In what preceded, we have briefly touched upon the concept of array arithmetic. We conclude this introduction into NumPy with a slightly more detailed account of this concept, and introduce the more advanced concept of “array broadcasting”, which refers to the way NumPy handles arrays with different shapes during arithmetic operations. Without broadcasting, array arithmetic would only be allowed when two arrays, for example $$a$$ and $$b$$, have exactly the same shape. This is required, because arithmetic operators are evaluated “element-wise”, meaning that the operation is performed on each item in array $$a$$ and its corresponding item (i.e., with the same positional index) in array $$b$$. An example is given in the following code block, in which we multiply the numbers in array a with the numbers in array b:

a = np.array([1, 2, 3])
b = np.array([2, 4, 6])
print(a * b)

[ 2  8 18]


Essentially, array broadcasting provides the means to perform array arithmetic on arrays with different shapes by “stretching” the smaller array to match the shape of the larger array, thus making their shapes compatible. The observant reader might have noticed that we already encountered an example of array broadcasting when the concept of vectorized arithmetic operations was explained. A similar example is given by:

a = np.array([1, 2, 3])
print(a * 2)

[2 4 6]


In this example, the numbers in array a are multiplied by the scalar 2, which, strictly speaking, breaks the “rule” of two arrays having exactly the same shape. Yet, the computation proceeds correctly, working as if we had multiplied a by np.array([2, 2, 2]). NumPy’s broadcasting mechanism stretches the number 2 into an array with the same shape as array a. This stretching process is illustrated by Fig. 9:

Fig. 9 Visualization of NumPy’s broadcasting mechanism. Here the scalar 2 is stretched into an array with size 3.
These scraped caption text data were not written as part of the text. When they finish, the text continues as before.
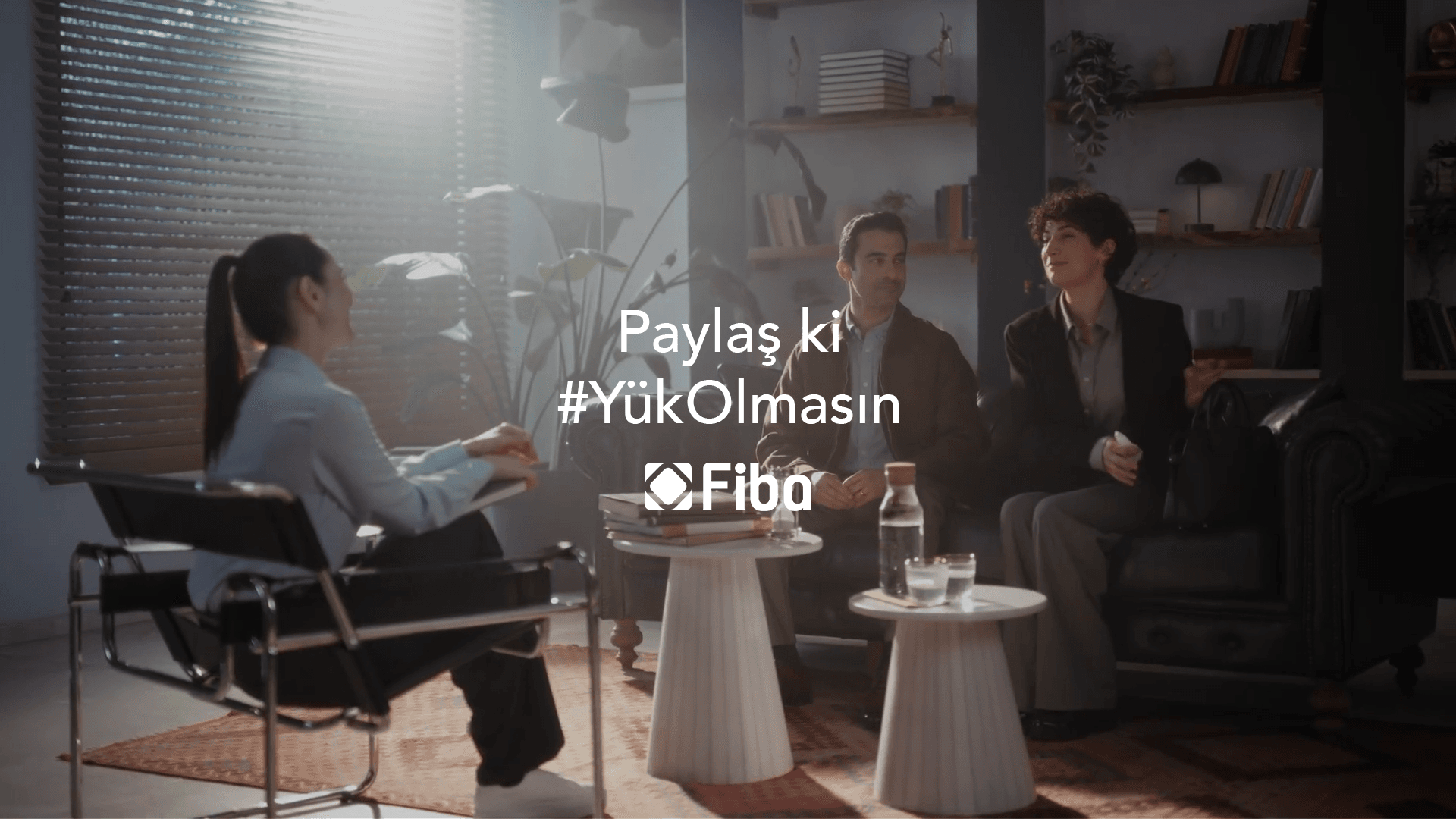 Fiba Group Paylaş ki #YükOlmasın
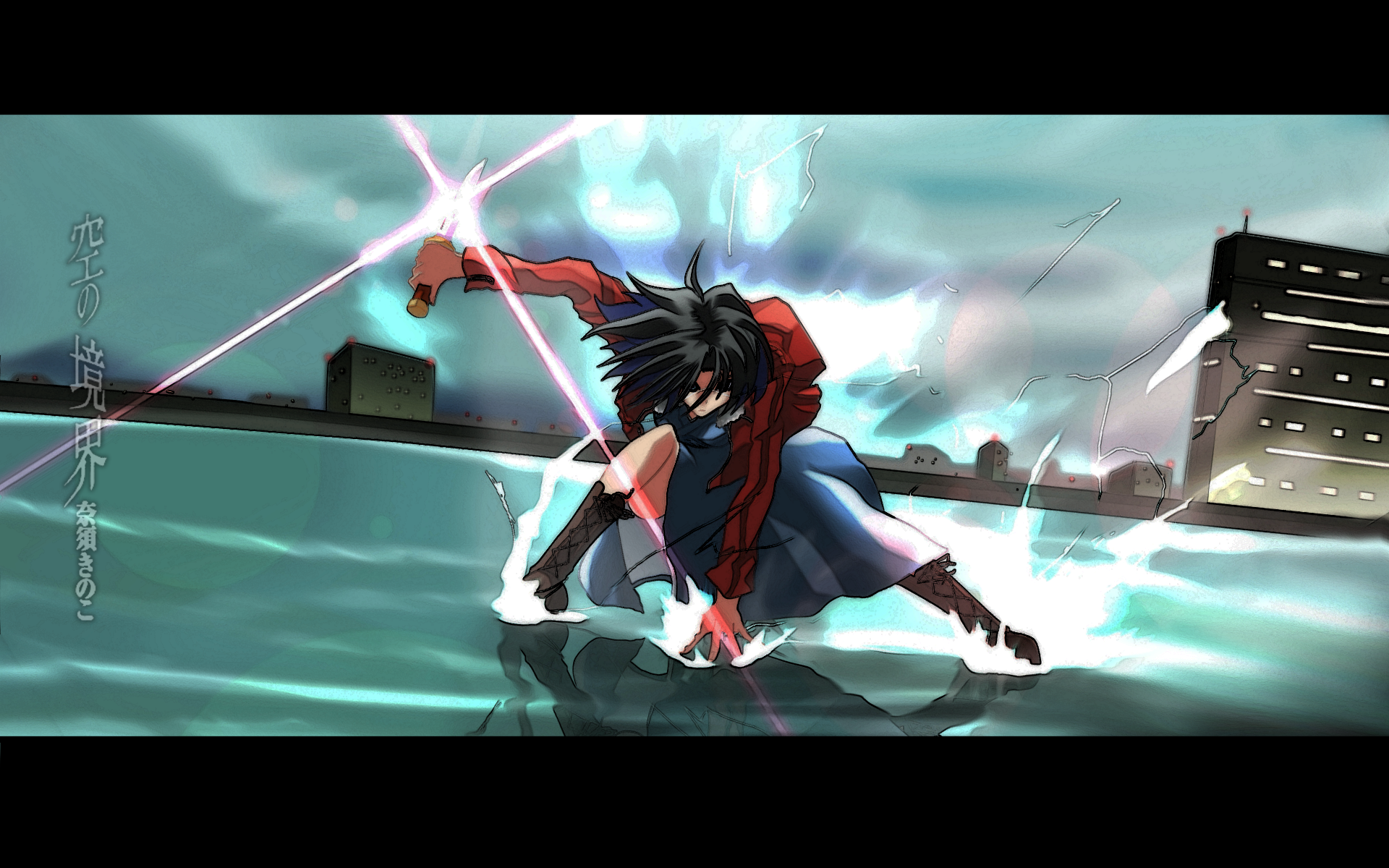 Garden Of Sinners Wallpaper Shiki - HD Wallpaper 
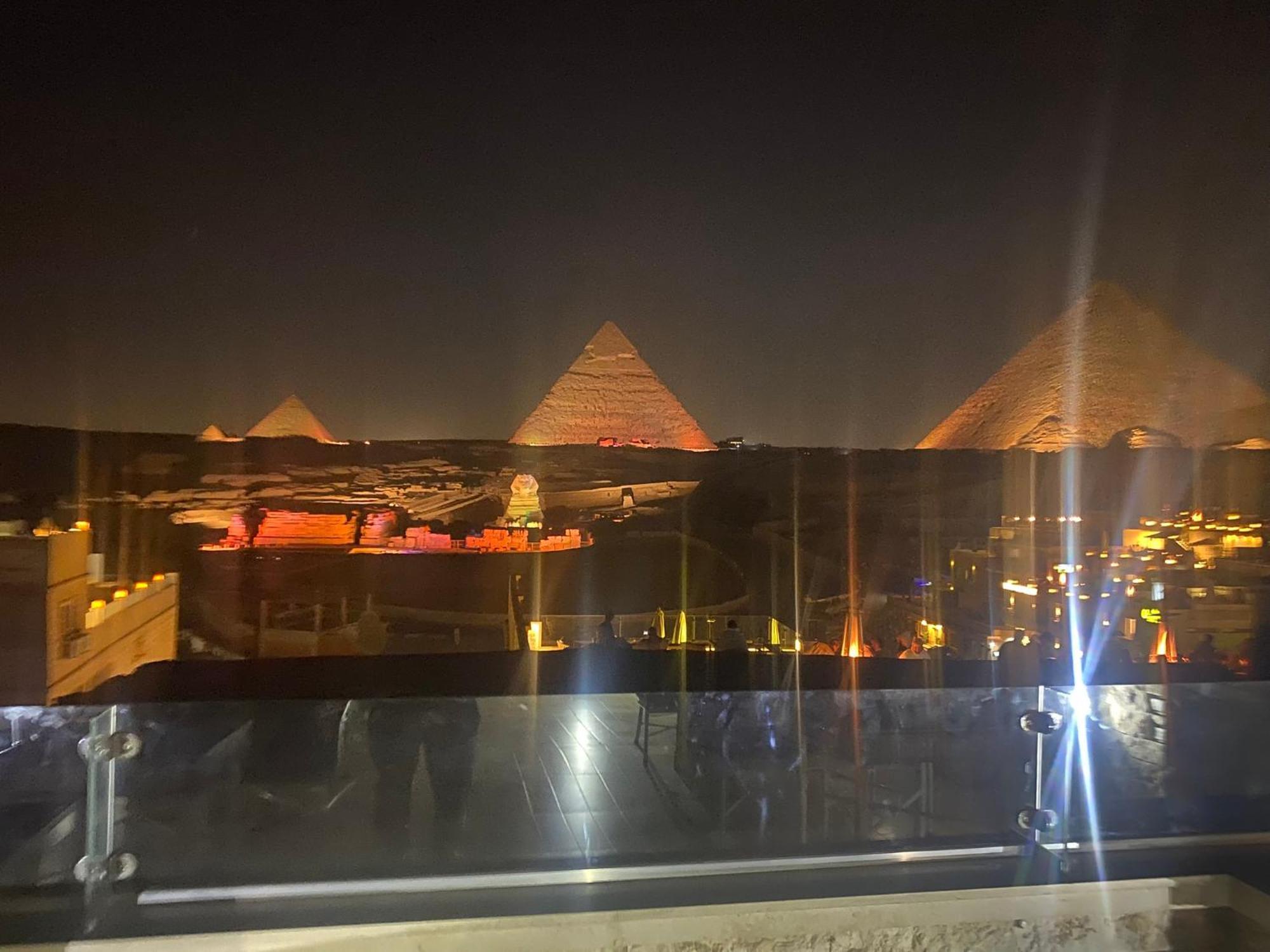 Royal Golden Pyramids Inn Giza Екстер'єр фото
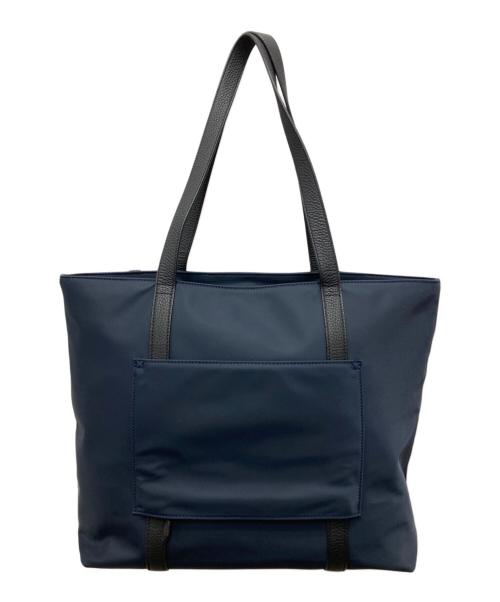 MAISON de SABRE（メゾン ド サブレ）maison de sabre (メゾン ド サブレ) Resilonナイロントートバッグ ネイビーの古着・服飾アイテム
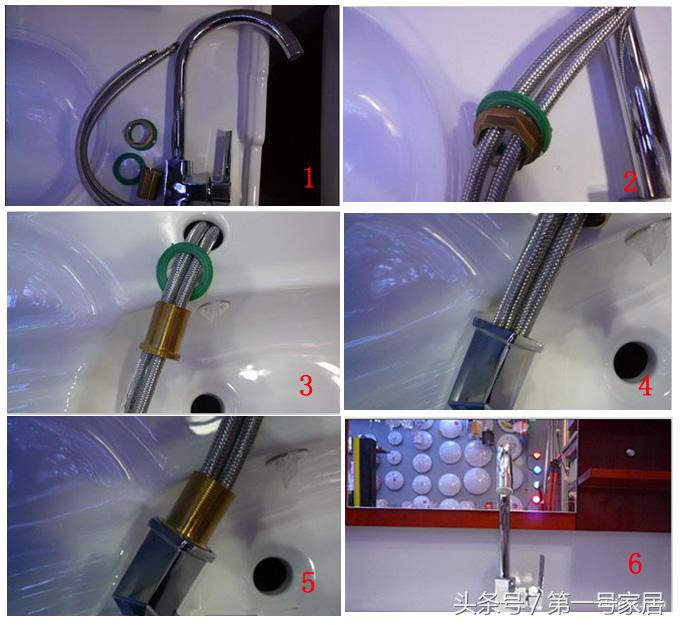 水龙头的种类和优缺点,水龙头常识图片大全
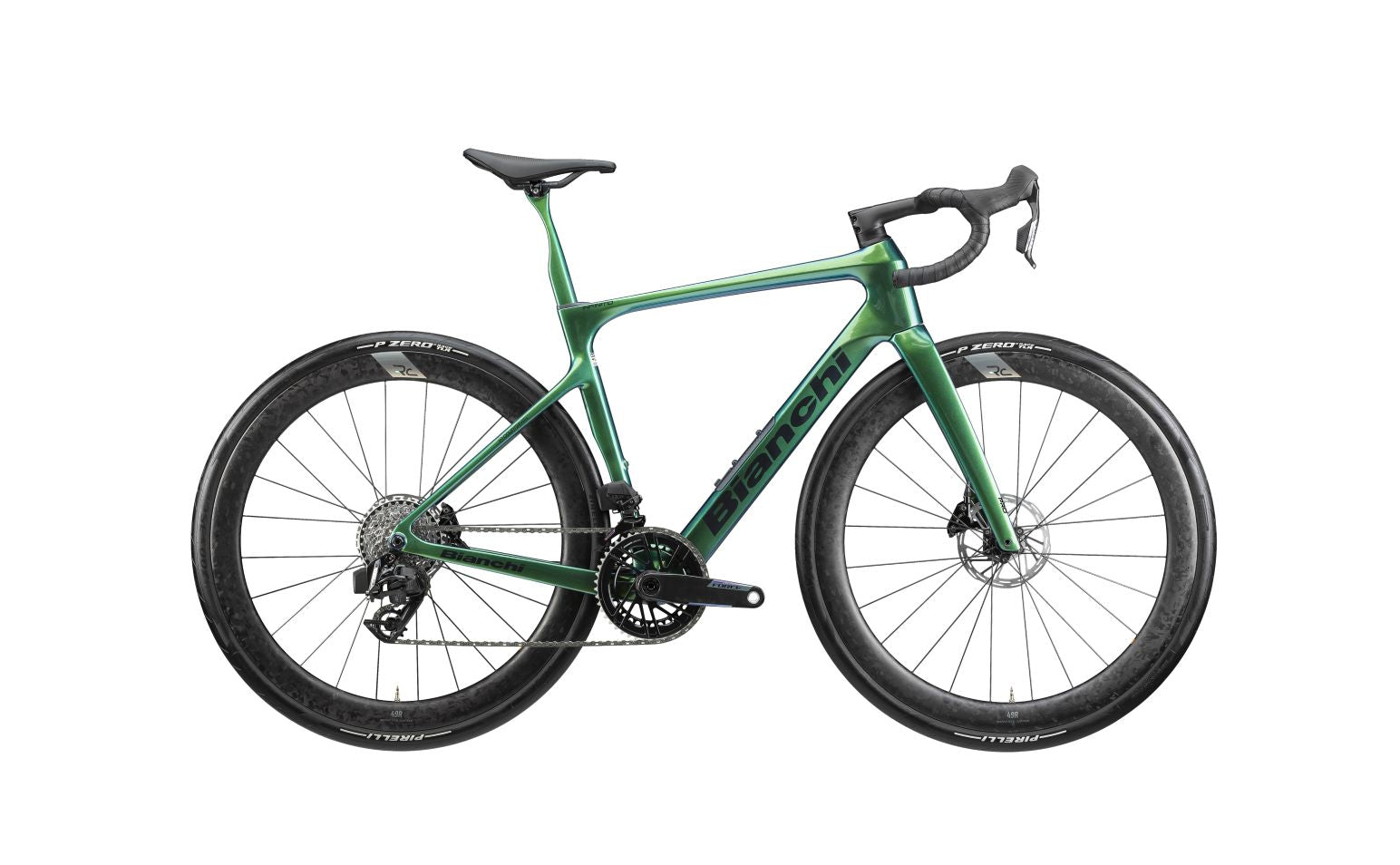 Bicicletă șosea Bianchi INFINITO PRO – Force AXS 12sp – 2027 – Verde Camaleonte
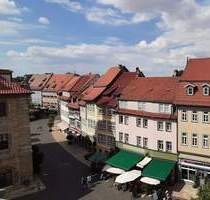 Gepflegte 3-Zimmer-DG-Wohnung mit Einbauküche und Kamin in Bad Langensalza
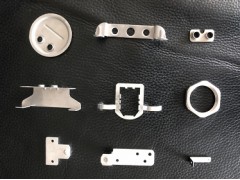 Pressing metal parts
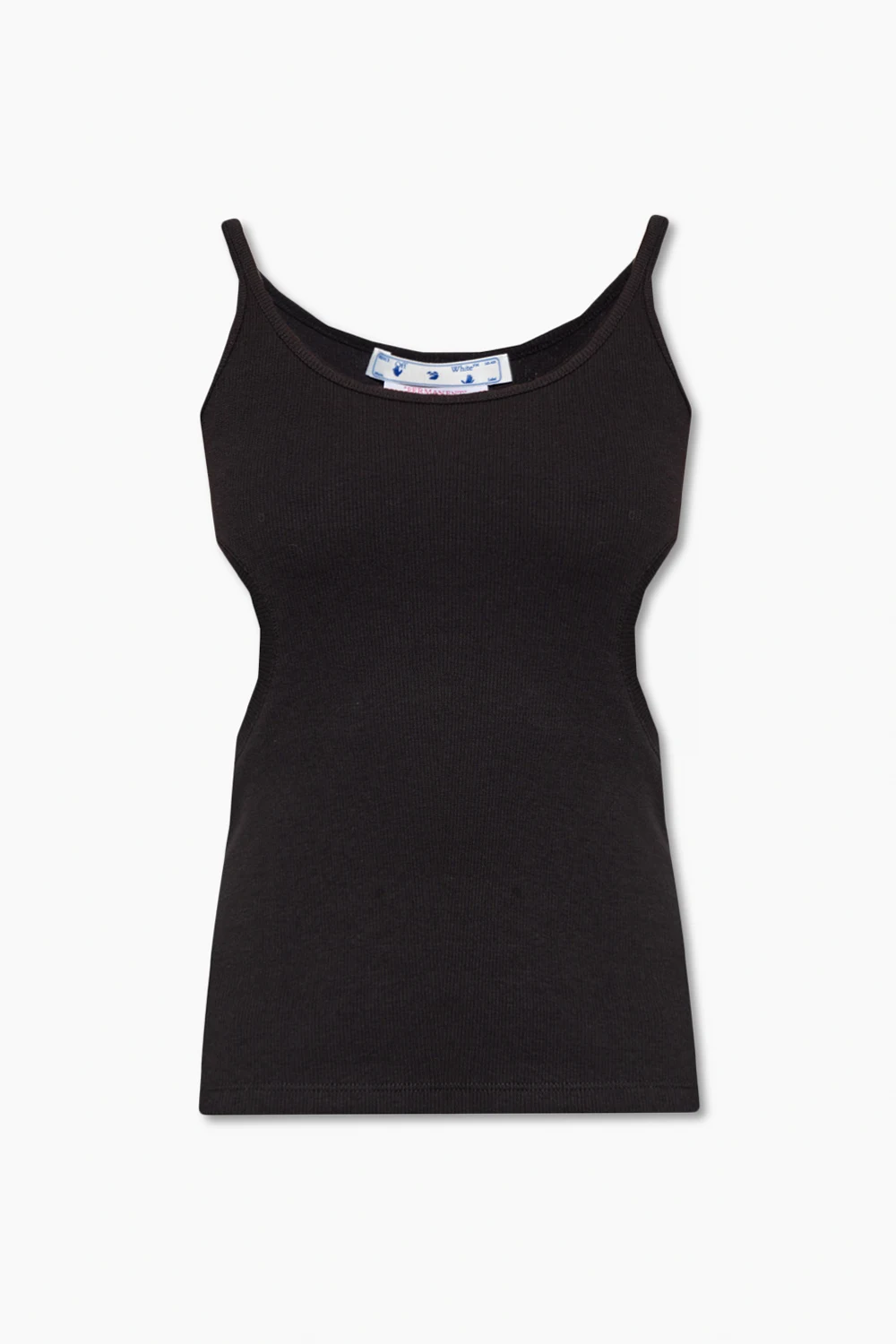 Cut-out tank top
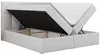 MKS MEBLE Boxspringbett 140x200 mit Bettkasten, Bett mit Produktbild-Vorschau 5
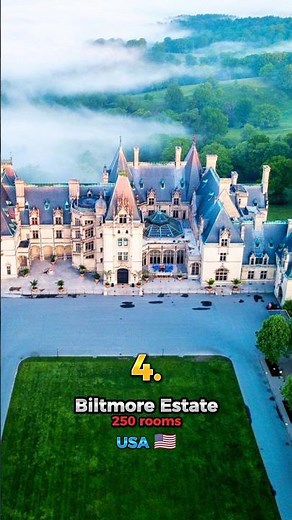 Top 5 Biggest Houses in the World 2023 #shorts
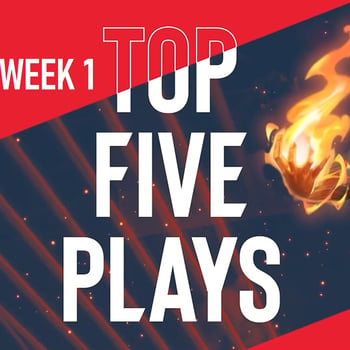 Week1 Top5 Plays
Broadcasting operations are parsimonious, and avoid allocating intermediate arrays (e.g., np.array([2, 2, 2])) to perform the computation. However, conceptualizing array broadcasting as a stretching operation helps to better understand when broadcasting is applied, and when it cannot be applied. To determine whether or not array arithmetic can be applied to two arrays, NumPy assesses the compatibility of the dimensions of two arrays. Two dimensions are compatible if and only if (i) they have the same size, or (ii) one dimension equals 1. NumPy compares the shapes of two arrays element-wise, starting with the innermost dimensions, and then working outwards. Consider Fig. 10, in which the upper half visualizes the multiplication of a $$4 \times 3$$ array by a one-dimensional array with 3 items.

Fig. 10 Visualization of NumPy’s broadcasting mechanism in the context of multiplying a two-dimensional array with a one-dimensional array. Here the one-dimensional array [1, 2, 3] is stretched vertically to fit the dimensions of the other array.

Because the number of items of the one-dimensional array matches the size of the innermost dimension of the larger array (i.e., 3 and 3), the smaller 1 x 3 array can be broadcast across the larger $$4 \times 3$$ array so that their shapes match (cf. the lower half of the figure). Another example would be to multiply a $$4 \times 3$$ array by a $$1 \times 4$$ array. However, as visualized by Fig. 11, array broadcasting cannot be applied for this combination of arrays, because the innermost dimension of the left array (i.e., 3) is incompatible with the number of items of the one-dimensional array (i.e., 4). As a rule of thumb, one should remember that in order to multiply a two-dimensional array with a one-dimensional array, the number of items in the latter should match the outermost dimension of the former.

Fig. 11 Visualization of the inapplicability of NumPy’s broadcasting mechanism in the context of multiplying a one-dimensional array whose size mismatches the outermost dimension of a two-dimensional array.